Para sus detractores, Echeverría fue uno de los ejemplos más acabados de lo que para muchos han representado los gobiernos del PRI en México: el doble discurso, el mostrar una mano amigable, mientras en la otra tiene el puño cerrado listo para golpear. Para sus defensores, sin embargo, el expresidente fue un político que forjó algunas instituciones emblemáticas para el país y mostró como pocos la solidaridad mexicana con el mundo.
“Fue el mago del engaño, el ilusionista del engaño”, consideró Ignacio Carrillo Prieto, el hombre que acusó a Echeverría de genocidio.
Sin embargo, para Juan Velázquez, el abogado que defendió a Echeverría durante el proceso por genocidio, el juicio en su contra “fue lo mejor que le pudo haber pasado”, porque el resultado era justo el que esperaban: la exoneración.
Como mandatario, Echeverría realizó obras públicas sin precedentes en medio de una bonanza petrolera tras el hallazgo de importantes yacimientos de crudo. Su política de inversiones públicas, sin embargo, se tradujo en un aumento de la deuda externa y de la inflación, además de una fuerte devaluación del peso frente al dólar.
Echeverría fue un presidente con una ambiciosa agenda diplomática que amplió las relaciones de México con el mundo. Para algunos, esa era una manera de contrarrestar los problemas de legitimidad dentro de México, donde sostuvo una política de represión a la disidencia política.

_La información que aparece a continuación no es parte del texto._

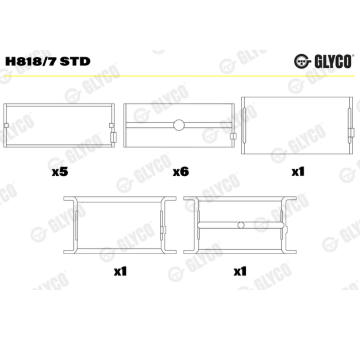 Lożisko kľukového hriadeľa GLYCO H818/7 STD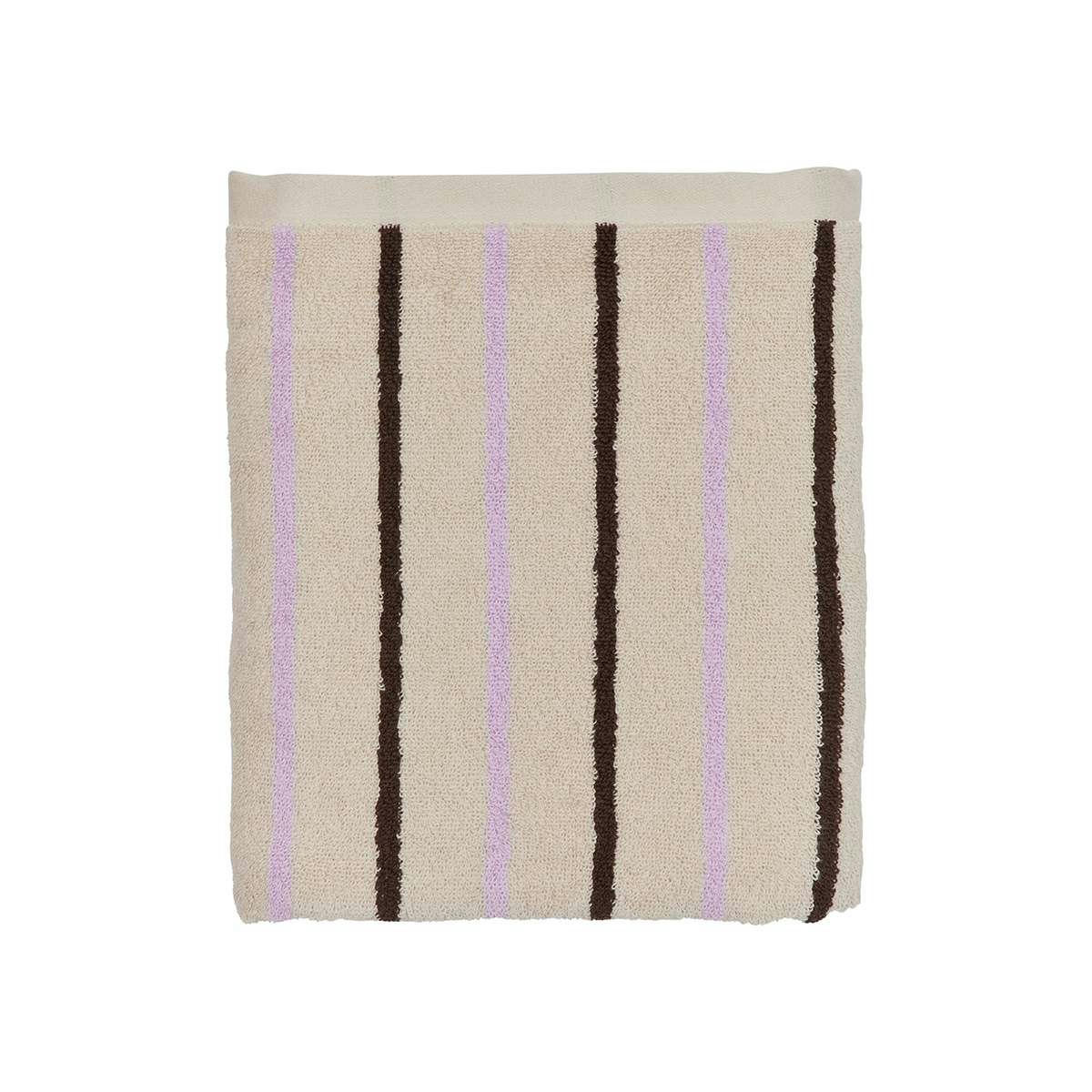 RAITA - Serviette de bain rose en coton organique H140x70cm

En la arena internacional promovió ante la ONU la Carta de Derechos y Deberes Económicos de los Estados, según la cual cada país puede asumir el sistema económico que determine. También se alzó como la voz de los países del tercer mundo y actuó como amigo de gobiernos izquierdistas.
En medio de la guerra fría, su gobierno estableció relaciones diplomáticas -en 1972- con la China comunista de Mao Tse-tung. Le abrió las puertas a los exiliados latinoamericanos que huían de la represión de las dictaduras. Rompió relaciones con el Chile de Augusto Pinochet y mantuvo la cercanía de los gobiernos del PRI con la Cuba de Fidel Castro.

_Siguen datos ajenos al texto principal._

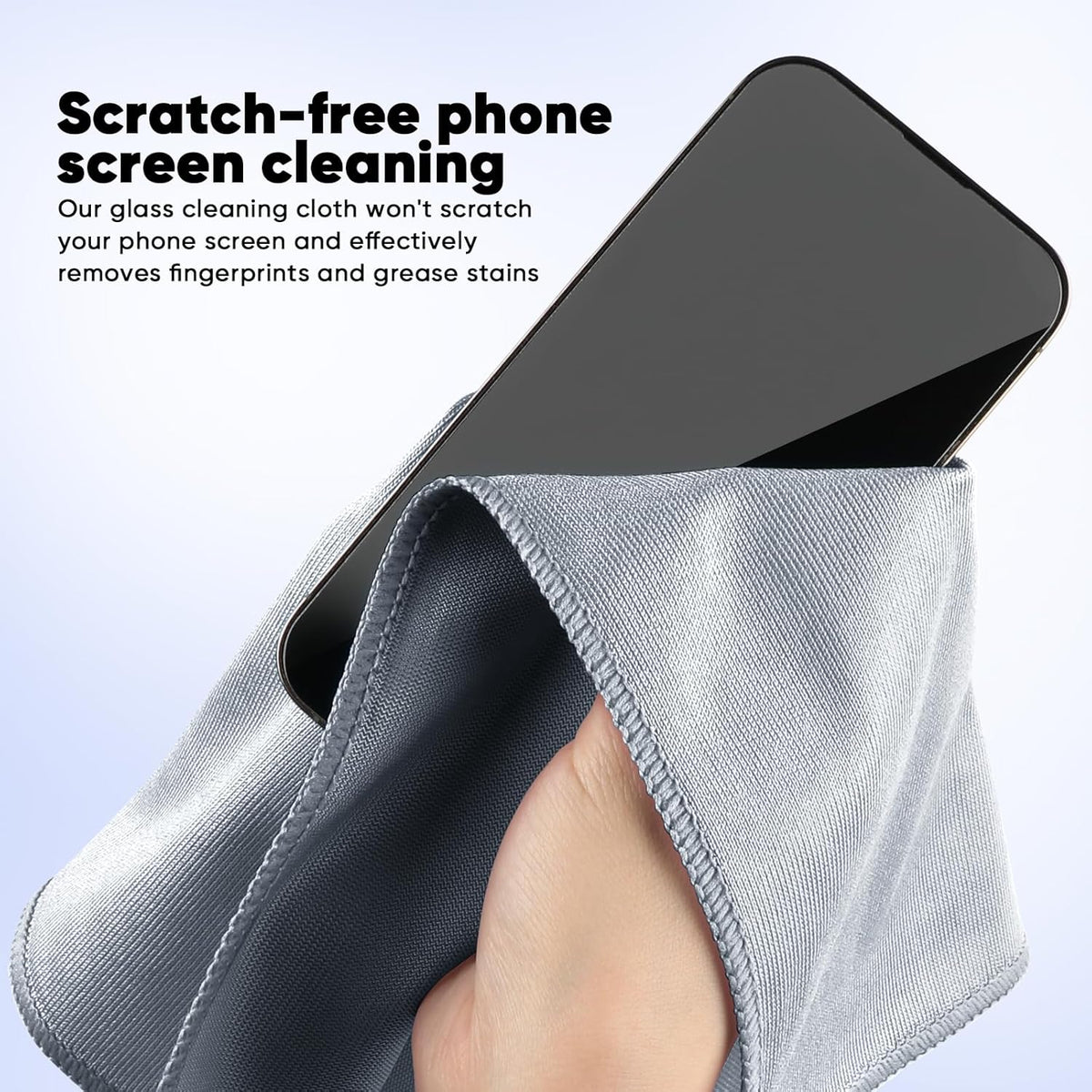 HOMEXCEL Microfiber Glass Cleaning Cloths 6 PK, Lint Free Streak Free, Reusable Microfiber Cleaning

A Echeverría le tocó liberar a Jacques Mornard o Ramón Mercader, el asesino de Trostski.
“Todas las decisiones que asumimos durante el sexenio, fueron inspiradas en la voluntad de abrir un horizonte más amplio, más libre y más justo para los mexicanos de hoy y de mañana”, dijo Echeverría en su último discurso de gobierno en septiembre de 1976, tres meses antes de abandonar el poder.
La historia, sin embargo, suele tener apartados oscuros para algunos. Y el de Echeverría es grande.
El mundo vio en 1968 cómo jóvenes y estudiantes inconformes se movilizaban y pedían cambiar el estatus, hacer la revolución. París, Praga. En Ciudad de México, que sería ese año la sede de los XX Juegos Olímpicos, vivió su propio movimiento estudiantil.
El gobierno mexicano decía que todo era parte de una conjura comunista. Echeverría era entonces el secretario de Gobernación, el responsable de mantener la estabilidad política del país y décadas después, según documentos desclasificados del gobierno estadounidense, se supo que en esos años también actuaba como agente de la CIA, bajo el nombre clave de LITEMPO-8.
Tras meses de protestas, la tragedia llegó el 2 de octubre de 1968: en la Plaza de Tlatelolco, en la zona centro de la capital, decenas de estudiantes y civiles murieron en medio de una balacera en la que participaron militares y agentes gubernamentales vestidos de civil. Según cifras oficiales murieron unas 25 personas, aunque algunos estiman que al menos 350 fallecieron.
Los temas de seguridad pasaban por la oficina del secretario de Gobernación, pero Gustavo Díaz Ordaz, el entonces presidente y jefe de Echeverría, asumió la responsabilidad de lo sucedido.
Al paso de los años, sin embargo, aparecieron elementos que demostrarían lo contrario: según reportes militares oficiales, al menos 360 francotiradores fueron apostados en los edificios que rodeaban la Plaza de Tlatelolco y dispararon contra los estudiantes.
Y uno de los apartamentos desde donde habrían salido algunos disparos pertenecía a Rebeca Zuno de Lima, la cuñada de Echeverría.